## Work request
Scan the records below for the line with "For Samsung Galaxy" and the line with "48 Inch Flip". Repeat those two lines and every line between them exactly, and nothing else.

○ ○ ○ ○

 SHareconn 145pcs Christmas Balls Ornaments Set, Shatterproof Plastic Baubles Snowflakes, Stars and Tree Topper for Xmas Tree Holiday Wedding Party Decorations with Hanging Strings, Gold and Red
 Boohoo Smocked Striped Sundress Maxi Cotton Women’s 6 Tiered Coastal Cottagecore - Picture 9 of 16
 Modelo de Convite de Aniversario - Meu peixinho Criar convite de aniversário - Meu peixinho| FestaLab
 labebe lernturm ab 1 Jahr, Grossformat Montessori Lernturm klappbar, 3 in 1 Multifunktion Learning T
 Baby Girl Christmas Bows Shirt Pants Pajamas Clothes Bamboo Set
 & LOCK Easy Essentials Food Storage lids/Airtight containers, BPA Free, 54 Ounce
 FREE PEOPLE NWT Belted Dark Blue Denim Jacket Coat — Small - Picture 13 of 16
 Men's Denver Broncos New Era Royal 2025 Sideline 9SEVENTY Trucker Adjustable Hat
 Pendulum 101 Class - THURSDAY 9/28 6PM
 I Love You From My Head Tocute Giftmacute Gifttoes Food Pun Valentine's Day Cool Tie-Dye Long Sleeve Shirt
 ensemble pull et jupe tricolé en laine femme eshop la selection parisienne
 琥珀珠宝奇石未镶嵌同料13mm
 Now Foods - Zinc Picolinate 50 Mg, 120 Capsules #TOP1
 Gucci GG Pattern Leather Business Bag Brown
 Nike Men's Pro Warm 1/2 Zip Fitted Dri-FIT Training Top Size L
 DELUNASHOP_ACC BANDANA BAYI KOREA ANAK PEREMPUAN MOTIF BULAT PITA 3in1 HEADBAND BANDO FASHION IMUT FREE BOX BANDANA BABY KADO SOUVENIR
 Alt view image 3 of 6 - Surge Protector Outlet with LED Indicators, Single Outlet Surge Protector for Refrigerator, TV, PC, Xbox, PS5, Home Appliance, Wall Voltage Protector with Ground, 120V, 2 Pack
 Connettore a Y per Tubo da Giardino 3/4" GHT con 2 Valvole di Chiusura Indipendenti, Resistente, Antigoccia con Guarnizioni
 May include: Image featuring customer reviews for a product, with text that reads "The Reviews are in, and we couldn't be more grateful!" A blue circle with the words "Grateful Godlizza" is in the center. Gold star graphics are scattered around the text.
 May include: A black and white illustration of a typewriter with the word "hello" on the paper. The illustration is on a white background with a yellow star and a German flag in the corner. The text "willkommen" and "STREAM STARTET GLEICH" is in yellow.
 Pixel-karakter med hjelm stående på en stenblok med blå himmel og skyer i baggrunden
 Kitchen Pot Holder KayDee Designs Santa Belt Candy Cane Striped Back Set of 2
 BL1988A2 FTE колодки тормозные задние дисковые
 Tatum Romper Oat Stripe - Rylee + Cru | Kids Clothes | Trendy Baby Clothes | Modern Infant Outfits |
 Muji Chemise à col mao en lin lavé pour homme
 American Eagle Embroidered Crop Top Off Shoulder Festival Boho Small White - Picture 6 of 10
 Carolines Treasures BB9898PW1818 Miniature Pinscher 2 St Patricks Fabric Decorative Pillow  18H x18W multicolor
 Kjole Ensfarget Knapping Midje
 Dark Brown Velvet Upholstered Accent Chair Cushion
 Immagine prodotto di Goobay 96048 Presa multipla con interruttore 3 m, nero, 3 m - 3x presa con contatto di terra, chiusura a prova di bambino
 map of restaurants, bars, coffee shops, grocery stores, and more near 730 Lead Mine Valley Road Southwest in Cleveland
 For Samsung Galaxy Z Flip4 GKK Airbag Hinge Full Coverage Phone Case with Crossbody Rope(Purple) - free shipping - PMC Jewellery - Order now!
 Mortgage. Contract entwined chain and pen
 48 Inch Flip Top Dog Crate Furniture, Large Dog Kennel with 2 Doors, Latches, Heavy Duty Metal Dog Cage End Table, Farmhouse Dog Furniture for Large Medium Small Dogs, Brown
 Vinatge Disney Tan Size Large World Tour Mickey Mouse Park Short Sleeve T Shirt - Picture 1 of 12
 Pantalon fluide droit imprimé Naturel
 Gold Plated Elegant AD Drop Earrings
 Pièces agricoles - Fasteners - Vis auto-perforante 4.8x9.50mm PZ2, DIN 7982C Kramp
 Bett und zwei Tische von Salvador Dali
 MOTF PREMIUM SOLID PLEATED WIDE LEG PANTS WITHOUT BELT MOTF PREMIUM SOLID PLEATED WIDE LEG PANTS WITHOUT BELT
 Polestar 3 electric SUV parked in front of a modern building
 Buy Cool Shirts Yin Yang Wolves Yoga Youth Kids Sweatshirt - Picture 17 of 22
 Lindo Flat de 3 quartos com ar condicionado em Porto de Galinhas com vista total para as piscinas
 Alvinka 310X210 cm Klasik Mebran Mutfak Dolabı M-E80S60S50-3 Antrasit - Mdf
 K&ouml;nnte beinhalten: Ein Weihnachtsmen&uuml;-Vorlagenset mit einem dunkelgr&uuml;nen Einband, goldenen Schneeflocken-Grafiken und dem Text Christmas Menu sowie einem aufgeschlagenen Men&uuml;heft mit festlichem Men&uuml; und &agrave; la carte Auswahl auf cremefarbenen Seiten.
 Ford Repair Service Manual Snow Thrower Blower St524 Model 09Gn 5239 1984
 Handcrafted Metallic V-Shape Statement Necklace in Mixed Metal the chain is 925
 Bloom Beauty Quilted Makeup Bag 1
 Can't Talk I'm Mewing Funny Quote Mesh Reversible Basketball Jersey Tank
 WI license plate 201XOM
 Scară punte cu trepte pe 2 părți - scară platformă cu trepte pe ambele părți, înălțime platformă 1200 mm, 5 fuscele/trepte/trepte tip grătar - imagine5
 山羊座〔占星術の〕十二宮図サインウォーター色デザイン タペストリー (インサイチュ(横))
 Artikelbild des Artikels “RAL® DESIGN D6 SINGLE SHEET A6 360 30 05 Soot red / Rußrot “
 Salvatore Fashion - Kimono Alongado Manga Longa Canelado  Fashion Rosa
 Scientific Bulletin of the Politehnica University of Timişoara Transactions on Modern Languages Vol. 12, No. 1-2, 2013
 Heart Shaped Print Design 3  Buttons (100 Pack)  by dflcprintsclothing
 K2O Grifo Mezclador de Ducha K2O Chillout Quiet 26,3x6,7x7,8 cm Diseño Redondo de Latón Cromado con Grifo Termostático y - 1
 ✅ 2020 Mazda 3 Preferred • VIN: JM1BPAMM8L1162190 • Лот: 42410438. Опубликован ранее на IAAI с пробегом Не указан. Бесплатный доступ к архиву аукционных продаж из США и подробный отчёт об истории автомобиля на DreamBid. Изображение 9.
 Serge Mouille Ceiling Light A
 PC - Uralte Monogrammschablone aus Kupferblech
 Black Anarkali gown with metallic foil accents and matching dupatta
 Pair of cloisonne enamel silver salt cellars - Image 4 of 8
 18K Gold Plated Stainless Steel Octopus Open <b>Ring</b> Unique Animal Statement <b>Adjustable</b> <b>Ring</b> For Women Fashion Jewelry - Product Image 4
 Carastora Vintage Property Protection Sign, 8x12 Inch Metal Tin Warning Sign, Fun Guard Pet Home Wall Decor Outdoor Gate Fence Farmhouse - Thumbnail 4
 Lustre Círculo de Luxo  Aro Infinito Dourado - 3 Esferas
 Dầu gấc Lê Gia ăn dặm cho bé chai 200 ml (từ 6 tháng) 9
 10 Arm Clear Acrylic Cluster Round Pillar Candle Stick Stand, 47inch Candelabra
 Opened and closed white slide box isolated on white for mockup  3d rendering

○ ○ ○ ○

## Task response
 For Samsung Galaxy Z Flip4 GKK Airbag Hinge Full Coverage Phone Case with Crossbody Rope(Purple) - free shipping - PMC Jewellery - Order now!
 Mortgage. Contract entwined chain and pen
 48 Inch Flip Top Dog Crate Furniture, Large Dog Kennel with 2 Doors, Latches, Heavy Duty Metal Dog Cage End Table, Farmhouse Dog Furniture for Large Medium Small Dogs, Brown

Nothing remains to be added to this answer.